RESEAU DE LA NOUVELLE et des formes courtes

Le maître de Cardin — Roland Fuentès

par Éric Mercier

Auteur de nouvelles et de romans fantastiques, Roland Fuentès s’inscrit dans une certaine tradition du genre, dans la lignée des Marcel Brion, Michel Bernanos, Marcel Béalu ou encore Noël Devaulx, préférant un style plein de poésie et de retenue aux armadas d’effets horrifiques. Le jury du prix Prométhée ne s’y est pas trompé, qui a plébiscité la qualité de son travail. Dans la nouvelle qui suit, spécialement écrite pour Nouvelle donne, Fuentès revisite le bon vieux thème de l’ogre.

À Beaujeu, le plus douloureux finalement, c’était ces couchers de soleil sur la ligne barbelée de l’Azergue. Parce qu’ils traînaient derrière eux une ombre aux contours embrasés, une odeur d’incendie mal éteint qui nous empoignait à la gorge et nous faisait regretter d’être venus au monde.
Après, même si les choses adoptaient une tournure salement concrète, on peut dire que le plus dur était passé. Tout ça, finalement, ça restait du physique. Ça n’atteignait pas le dixième de l’horreur qui se déployait dans nos têtes au crépuscule. On avait l’impression qu’avec le soleil, notre souffle, notre vigueur, notre vie pleine et juteuse prenait le large. On n’était jamais sûrs que ça nous revienne le lendemain. Aussi bien, la montagne garderait le tout sans dire merci et elle demeurerait noire, lourde et noire sur l’horizon comme un cauchemar.

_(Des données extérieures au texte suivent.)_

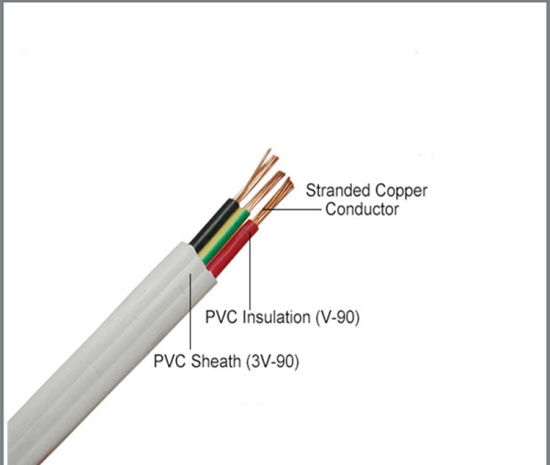 tps cable meaning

Cardin n’était pas un sauvage durant la journée. Il nous laissait blaguer ; il savait qu’au bout du compte les vendanges produiraient leur comptant de liquide, de pépins et de moût, et aussi qu’un bon vendangeur ne gâche rien à agiter un peu sa langue au-dessus des grappes.
Mais il craignait la nuit, comme nous. Une crainte qui remontait du fond des âges, et qui nous tenait tous. C’est à ce moment-là, quand le soleil basculait, et avec lui tout le plissement fauve des coteaux, c’est à ce moment précis que la pupille de Cardin devenait mauvaise. Pas vraiment méchante, pas vraiment cruelle, mais mauvaise, ça oui !
En définitive, les traces durent ce qu’elles durent. Elles sont de profondeur variable et certains réussissent à les effacer. On apprend de la vie chaque jour, dans un ordre aléatoire, puis, au bout du compte, on s’en va toujours sans laisser d’adresse, et la vie n’a plus aucun moyen de nous contacter pour finir le travail. Voilà pourquoi nul ne peut tout connaître. Voilà pourquoi certains apprennent à oublier plus tôt que les autres. C’est aussi bête qu’un bonsoir, juste le temps qui nous joue des tours. Ainsi, ceux qui la nuit venue pâtissaient le plus des colères de Cardin - je pense au grand Fabron, ou à Edgar Lézard - , ceux-là sont tout à fait capables d’avoir oublié les corvées, les coups et les séances particulières sur sa couche.

P.-S.

[... La suite de cette nouvelle dans le n° 34]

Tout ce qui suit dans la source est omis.